江戸遊学を終え会津に戻った覚馬は、藩校日新館に勤めます。
日新館とは、優秀な藩士を育成するため、会津藩が設立した学校でした。
薩摩・長州藩に負けない藩にするため、藩士たちに西洋の最新知識を教えることが仕事でした。
覚馬は日新館で、尚之助の才能を生かそうと考えます。

こうして、覚馬の招きを受けて、尚之助は会津にやって来ます。
覚馬は、尚之助を採用してもらおうと藩に掛け合います。
ところが、その希望はなかなか認められませんでした。
そこで、覚馬は尚之助を自宅に居候(いそうろう)させることにしました。
尚之助が採用されるまで、自分が生活の面倒をみようと考えたわけです。
ここに、八重と同じ屋根の下での暮らしがはじまります。
尚之助は二十代になったばかり。八重が十代前半のころです。
二人は、どんな生活を送っていたのでしょう。

同じ屋根の下で、八重と尚之助がどんな生活を送ったかは、実は何も分かっていません。
そこで、八重が尚之助のことをどう思っていたか、私なりに想像してみたいと思います。

身近に覚馬というパーフェクトな男性がいたため、八重は同年代の男性にはまったく興味が持てなかったようです。
ただ、その兄が信頼していた男性ですから、尚之助をほかの男性とは違った存在として意識していたことは間違いありません。
しかも、最新の科学知識を持つ理系男子ですから、好奇心旺盛だった八重にとっては気になる存在だったことでしょう。

だからと言って、八重が尚之助を男性として意識していたわけではなかったと思います。
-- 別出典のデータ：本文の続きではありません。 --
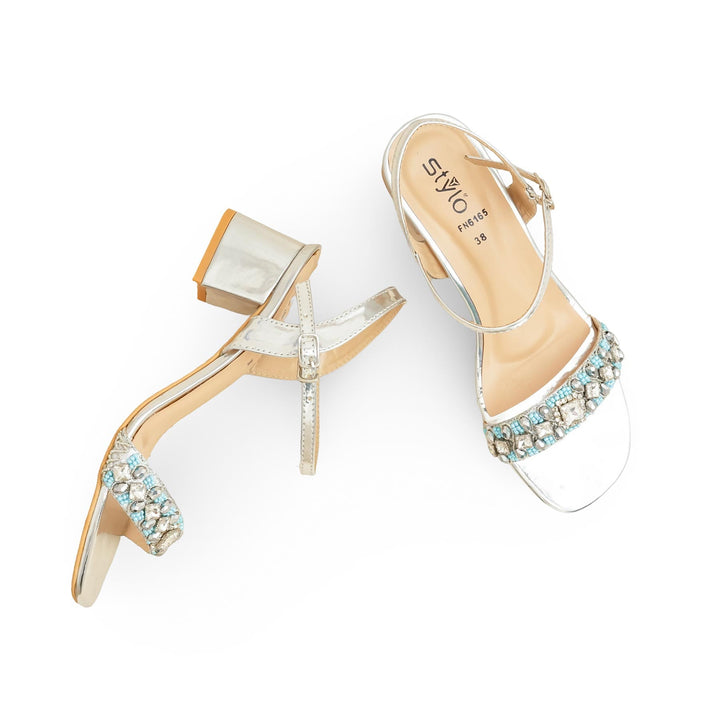 Silver Fancy Sandal For Women FN6165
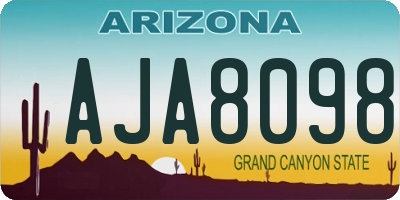 AZ license plate AJA8098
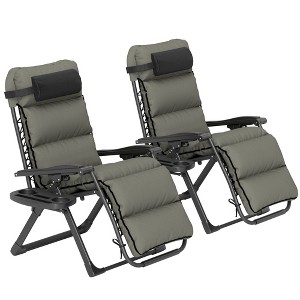 Zero Gravity Lounge Chair Set, 2 Pieces Reclining Folding Outdoor Lounge Chairs with Cushion, Headrest, Side Tray - 1 of 4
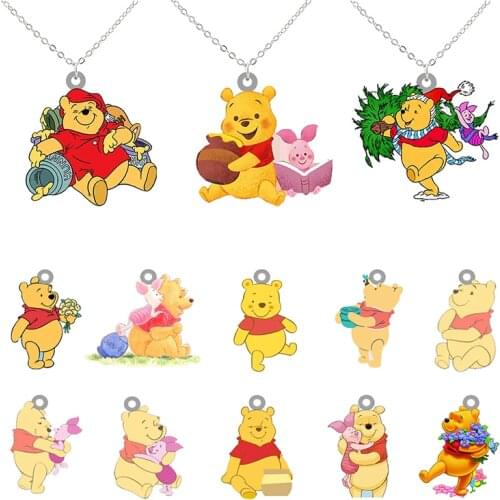 Disney Pooh Play Shape Pendant Creative Design Long Chain Acrylic Necklace Resin Necklace Various Animation Styles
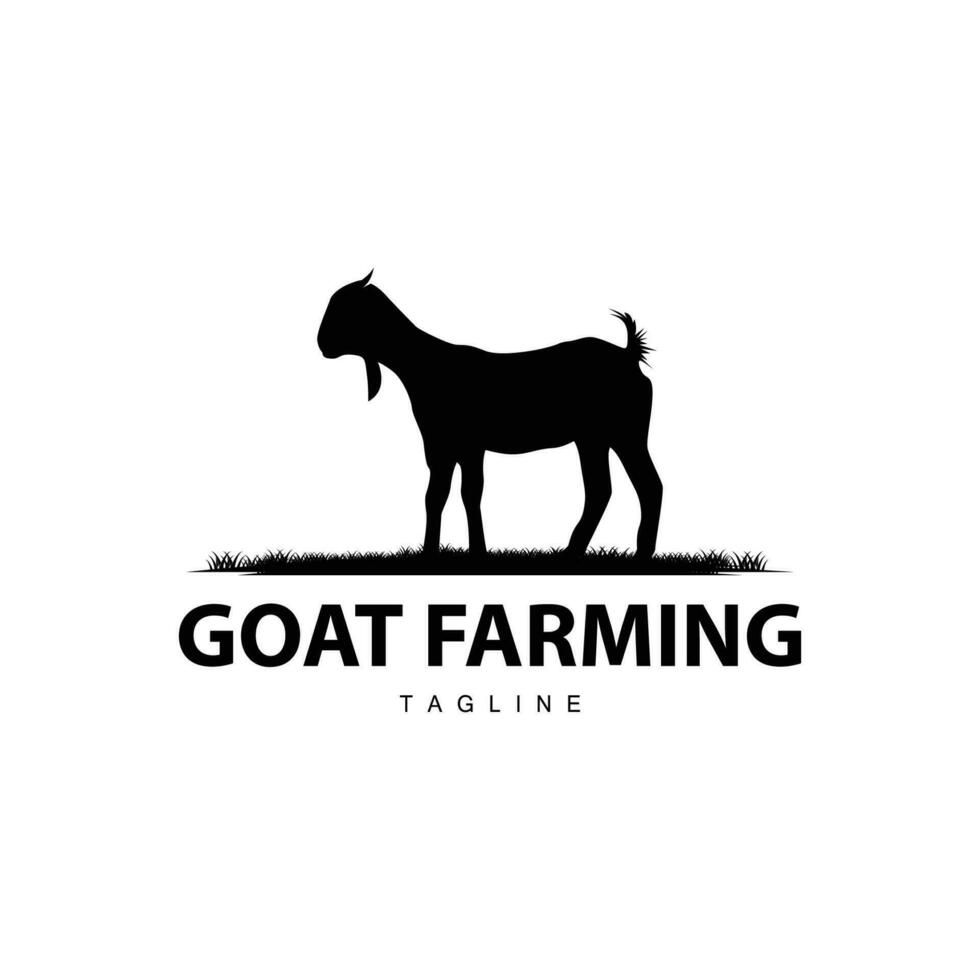 bestiame capra logo, semplice agricoltura silhouette design Prodotto marca templet illustrazione vettore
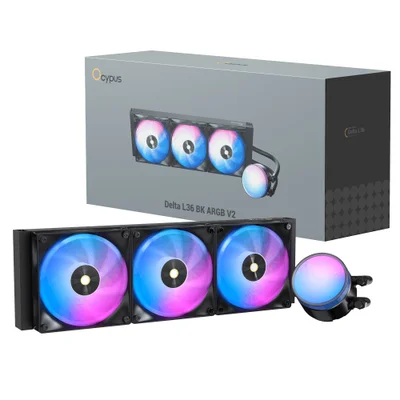 Water Cooler 360mm Ocypus Delta L36 ARGB V2, Black - Delta-l36-bk3aawnn02x-gl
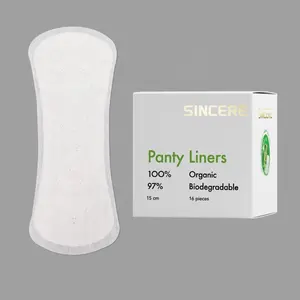 Protège-slips jetables biodégradables ultra doux pour femmes Protège-slips en bambou biologique avec film PLA Serviettes hygiéniques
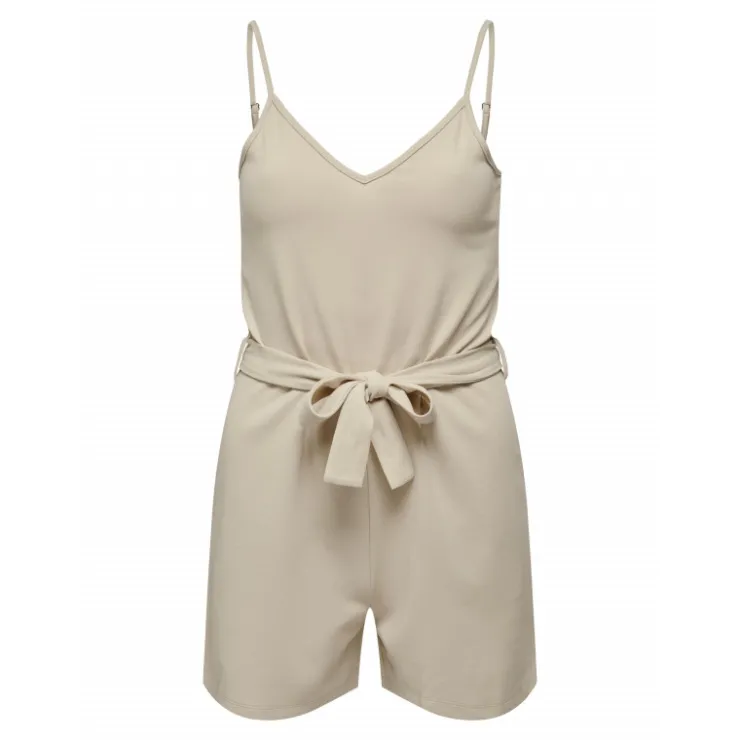 JDY Combishort col v bretelles réglables ceinture uni Femme BEIGE Discount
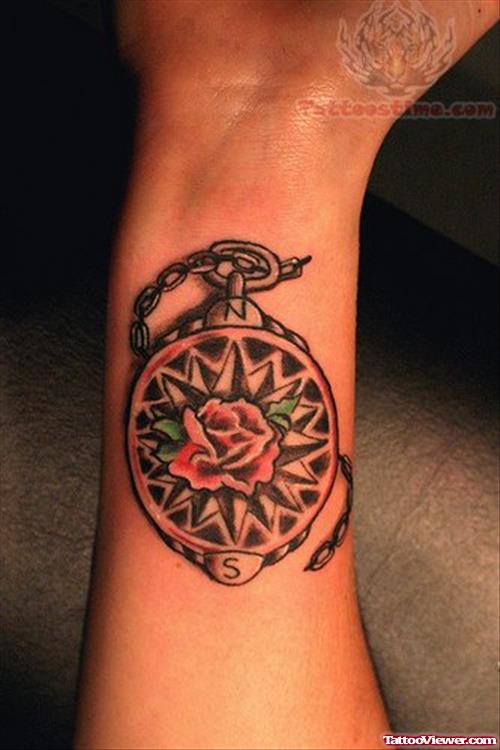 Compass and Rose Tattoo On Wrist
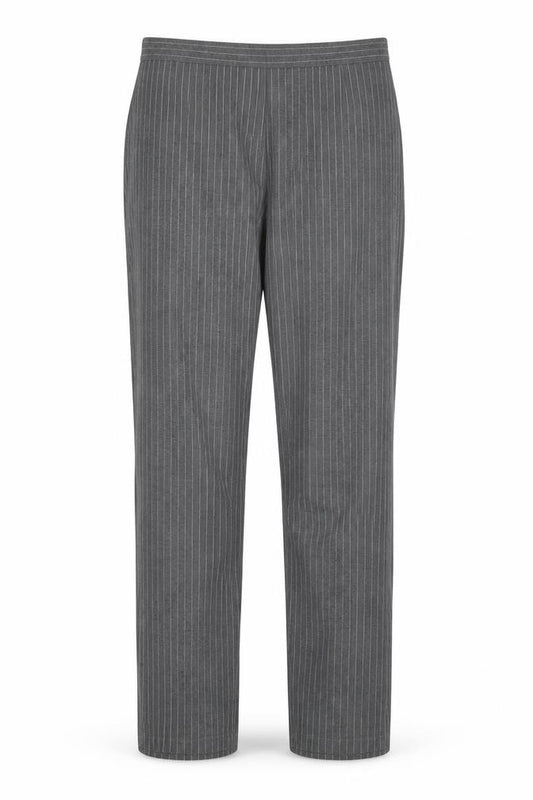 Front view of Daxon women’s multicoloured striped polyester trousers, size UK 12, 30-inch leg regular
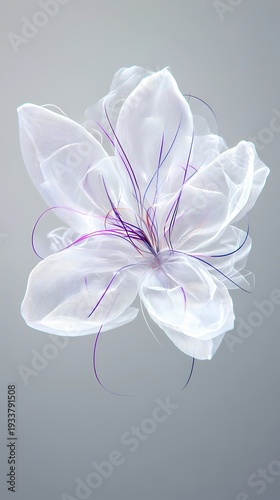 White and purple glass flowers poster background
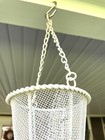 2 Vintage Hanging Basket Flower Pot Planters Garden Metal Shabby Chic Cone White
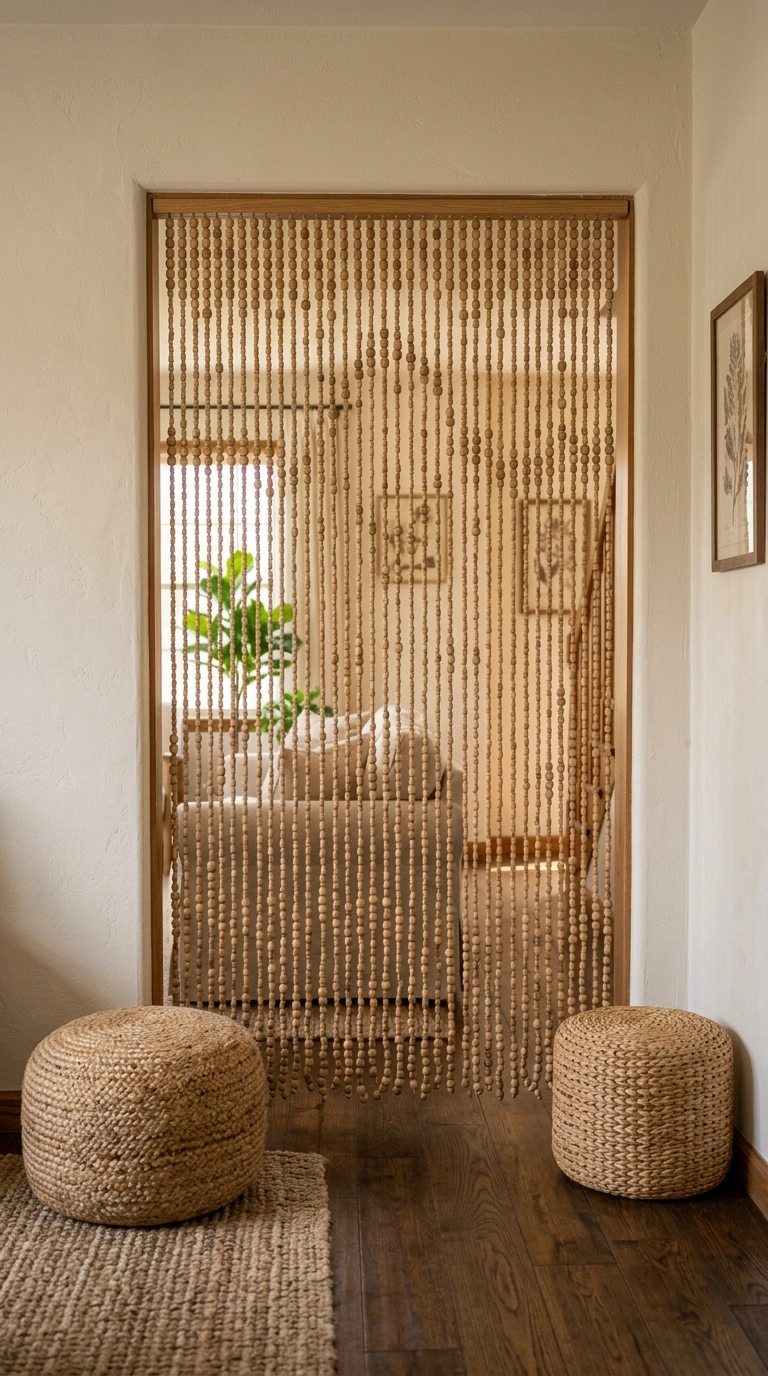 013 Wooden Bead Curtain A doorway between a living roo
別世界から現れ、自分にはないものを備える男性として、興味はあったかもしれませんが、覚馬が近くにいる限り、どうしても比較してしまいますから。
尚之助にしても、居候(いそうろう)の身分ですから、八重を女性として意識することは控えていたでしょうね。
八重、覚馬、尚之助は、恐らく微妙な三角関係にあったのです。

しかし、そんな微妙な三角関係が終わるときがやってきます。
尚之助が山本家の居候となってから五年後の文久二(一八六二)年、覚馬は藩の命により京都に向かうことになります。
それまで山本家は、八重のほか、父・母・兄・弟そして居候の尚之助との生活でしたが、ここで兄がいなくなるのです。

覚馬は不在中、尚之助が藩校日新館で自分の代わりを勤めることを期待しました。藩士たちに西洋の最新知識を教える仕事を託したのです。
八重が尚之助を覚馬の代わりとして、そして男性として意識しはじめたのは、覚馬が会津を去った日からはじまったと思われます。